- Opening Delimiter -

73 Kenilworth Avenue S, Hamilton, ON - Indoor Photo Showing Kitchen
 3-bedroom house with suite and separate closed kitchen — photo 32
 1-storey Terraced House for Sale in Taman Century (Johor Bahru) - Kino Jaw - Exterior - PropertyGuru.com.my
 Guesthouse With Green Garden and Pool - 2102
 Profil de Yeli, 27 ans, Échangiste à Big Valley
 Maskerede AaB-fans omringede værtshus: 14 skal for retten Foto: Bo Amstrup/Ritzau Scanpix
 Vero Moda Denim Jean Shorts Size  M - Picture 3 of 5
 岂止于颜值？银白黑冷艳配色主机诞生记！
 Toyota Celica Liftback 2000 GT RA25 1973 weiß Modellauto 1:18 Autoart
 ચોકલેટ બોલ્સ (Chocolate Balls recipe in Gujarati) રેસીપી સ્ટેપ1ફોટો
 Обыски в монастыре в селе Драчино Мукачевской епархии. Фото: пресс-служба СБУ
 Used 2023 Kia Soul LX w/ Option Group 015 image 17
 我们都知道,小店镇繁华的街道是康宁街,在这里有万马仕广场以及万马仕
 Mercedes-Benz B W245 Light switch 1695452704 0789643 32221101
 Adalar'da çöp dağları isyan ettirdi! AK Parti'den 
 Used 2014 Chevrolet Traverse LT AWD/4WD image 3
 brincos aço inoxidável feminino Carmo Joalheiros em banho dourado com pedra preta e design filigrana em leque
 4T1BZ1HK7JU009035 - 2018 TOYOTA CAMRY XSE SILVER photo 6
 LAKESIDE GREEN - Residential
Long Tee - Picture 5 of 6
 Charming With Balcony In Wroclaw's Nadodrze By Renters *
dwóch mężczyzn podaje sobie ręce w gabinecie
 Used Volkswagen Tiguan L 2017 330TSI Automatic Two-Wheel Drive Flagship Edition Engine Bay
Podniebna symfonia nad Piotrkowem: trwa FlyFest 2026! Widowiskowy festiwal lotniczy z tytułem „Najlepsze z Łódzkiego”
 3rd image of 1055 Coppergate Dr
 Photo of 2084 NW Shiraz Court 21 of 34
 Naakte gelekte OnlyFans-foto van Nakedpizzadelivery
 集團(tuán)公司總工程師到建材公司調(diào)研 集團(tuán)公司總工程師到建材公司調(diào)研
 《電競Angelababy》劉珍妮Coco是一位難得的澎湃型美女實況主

- Closing Delimiter -

### [Work required]
Only the lines from the one holding "dwóch mężczyzn podaje sobie ręce w gabinecie" through the final line of the entries, both included, should be given again, word for word.

### [Answer for the task]
dwóch mężczyzn podaje sobie ręce w gabinecie
 Used Volkswagen Tiguan L 2017 330TSI Automatic Two-Wheel Drive Flagship Edition Engine Bay
Podniebna symfonia nad Piotrkowem: trwa FlyFest 2026! Widowiskowy festiwal lotniczy z tytułem „Najlepsze z Łódzkiego”
 3rd image of 1055 Coppergate Dr
 Photo of 2084 NW Shiraz Court 21 of 34
 Naakte gelekte OnlyFans-foto van Nakedpizzadelivery
 集團(tuán)公司總工程師到建材公司調(diào)研 集團(tuán)公司總工程師到建材公司調(diào)研
 《電競Angelababy》劉珍妮Coco是一位難得的澎湃型美女實況主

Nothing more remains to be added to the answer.